The 1300-year cold spell known as the Younger Dryas is back in the news. The sudden climate change, occurring between twelve and thirteen thousand years ago, may be related to the extinction of large species like the saber-tooth tiger and could have something to do with the disappearance of the Clovis culture, a people whose arrival in the Americas can be traced through their distinctive artifacts. Last year a team from sixteen institutions proposed that the climate change was the result of an impact event possibly involving multiple airbursts of cosmic debris.

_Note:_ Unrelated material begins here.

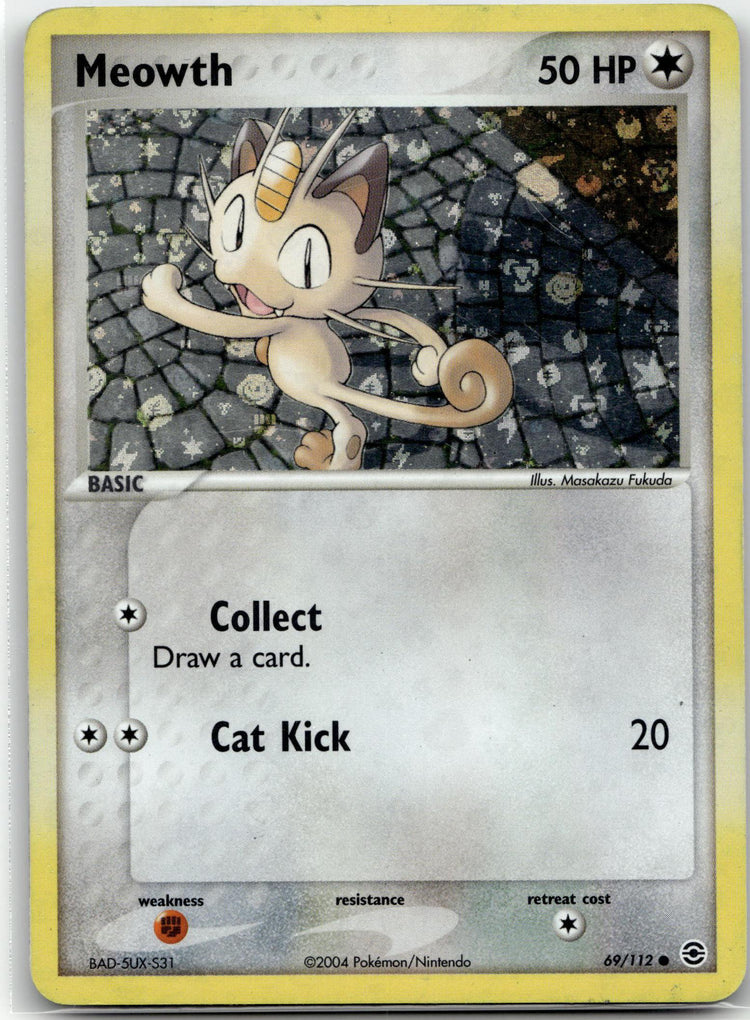 Meowth - FireRed & LeafGreen (Common) #69/112 English / Near Mint / Reverse-Holo Normal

That theory has been regarded with skepticism, but Douglas Kennett (University of Oregon), who worked with the original team, now says that its research has uncovered billions of nanometer-sized diamonds concentrated in sediments in six locations, ranging from Arizona to Oklahoma, Michigan, South Carolina, Manitoba and Alberta. Such nano-diamonds are produced under the kind of high temperatures and pressures associated with impacts and have been found in meteorites. Says Kennett:

“The nanodiamonds that we found at all six locations exist only in sediments associated with the Younger Dryas Boundary layers, not above it or below it. These discoveries provide strong evidence for a cosmic impact event at approximately 12,900 years ago that would have had enormous environmental consequences for plants, animals and humans across North America.”

The Clovis association is obviously interesting. One of the sediment layers in question was found adjacent to Clovis materials at Murray Springs, AZ. The Clovis culture seems to have lasted no more than 800 years, being replaced by more localized cultures apparently deriving from it. The question is whether we can attribute what may have been gradual cultural change to a sudden impact event and associated climate change.

dryas_diamonds

Image: Nanometer-sized diamonds occur at the base a layer of sediment directly above the remains of extinct animals (mammoths, dire wolves, etc.) and artifacts from Clovis culture at the research site in Murray Springs, Arizona. Credit: University of Oregon.

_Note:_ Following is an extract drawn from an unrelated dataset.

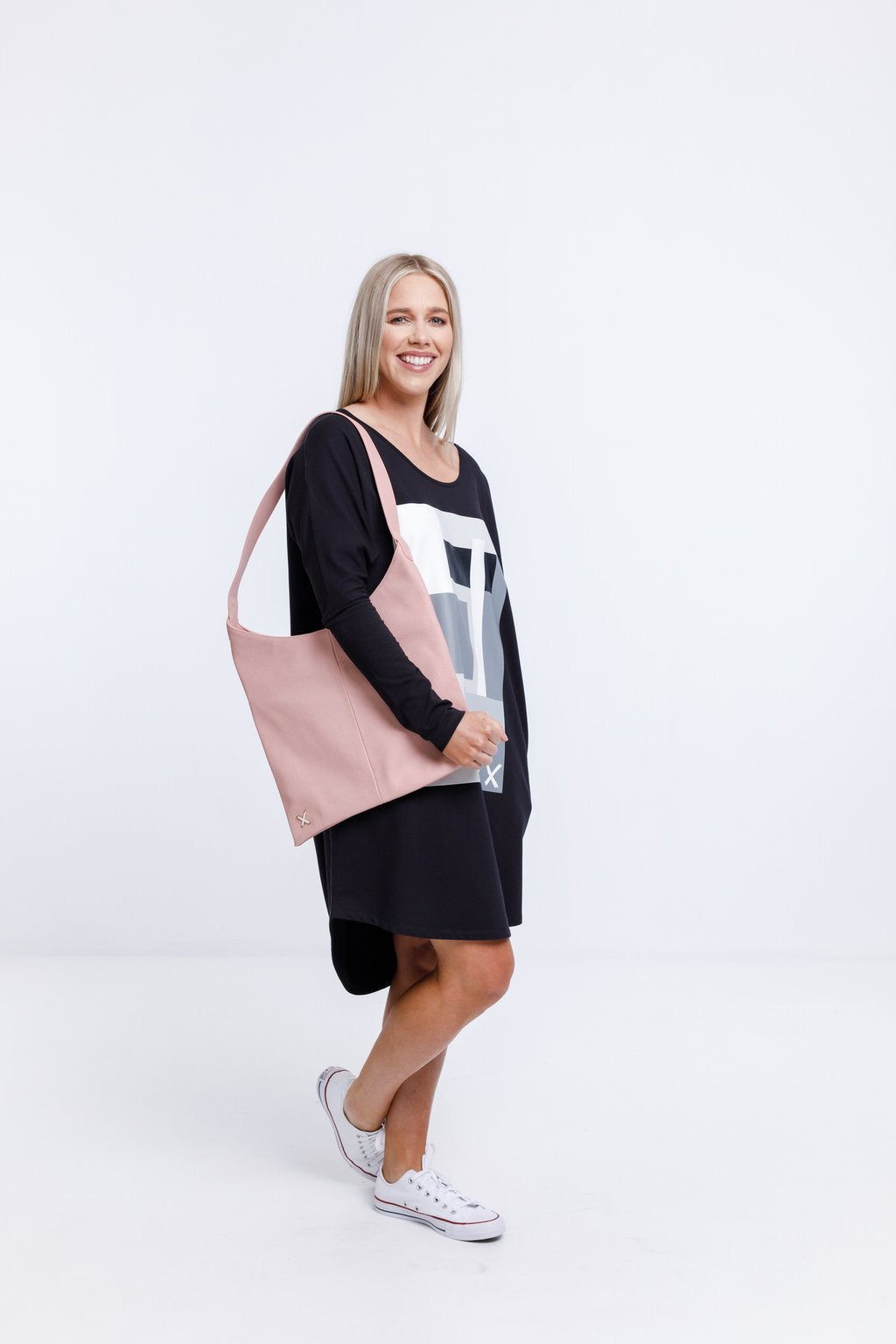 Home Lee Batwing Dress Black with Black and White Abstract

So how convincing is the theory? I was interested to see that University of Hawaii scientist Gary Huss, who was a reviewer of the paper the team published today in Science, thinks the new work makes the theory more tenable. As quoted in the New York Times, Huss says:

“They have a hypothesis that explains several things that hard to explain any other way. Diamonds are less convincing by themselves, but they strengthen their case considerably.”

And geology consultant Allen West is quoted in the same story to the effect that the team has now traced microscopic diamond deposits to over thirty sites, ranging from offshore California to Germany. The six sites considered in the Science paper show the same pattern: The diamond layer correlates to the date of the supposed impact. Moreover, there’s this, also from the Times article:

…the scientists reported last month at a meeting of the American Geophysical Union in San Francisco, the carbon atoms inside some of the diamonds are lined up in a hexagonal crystal pattern instead of the usual cubic structure. The hexagonal diamonds, formed by extraordinary heat and pressure, have been found only at impact craters and within meteorites and cannot be formed in forest fires or volcanic eruptions, Dr. West said.

But where are the kinds of craters we would expect to find from such events? The lack of such points to how tentative this hypothesis is, but also to the need for continuing to explore it. For the timing of the would-be impact and the disappearance of ice age mammals amidst the sudden cooling makes for a puzzling series of coincidences, one that further field work may help us explain. With thirty sites in play, that could take a considerable amount of time.

The paper is Kennett et al., “Nanodiamonds in the Younger Dryas Boundary Sediment Layer,” Science Vol. 323, No. 5910 (2 January 2009), p. 94 (abstract). A University of Oregon news release is also available.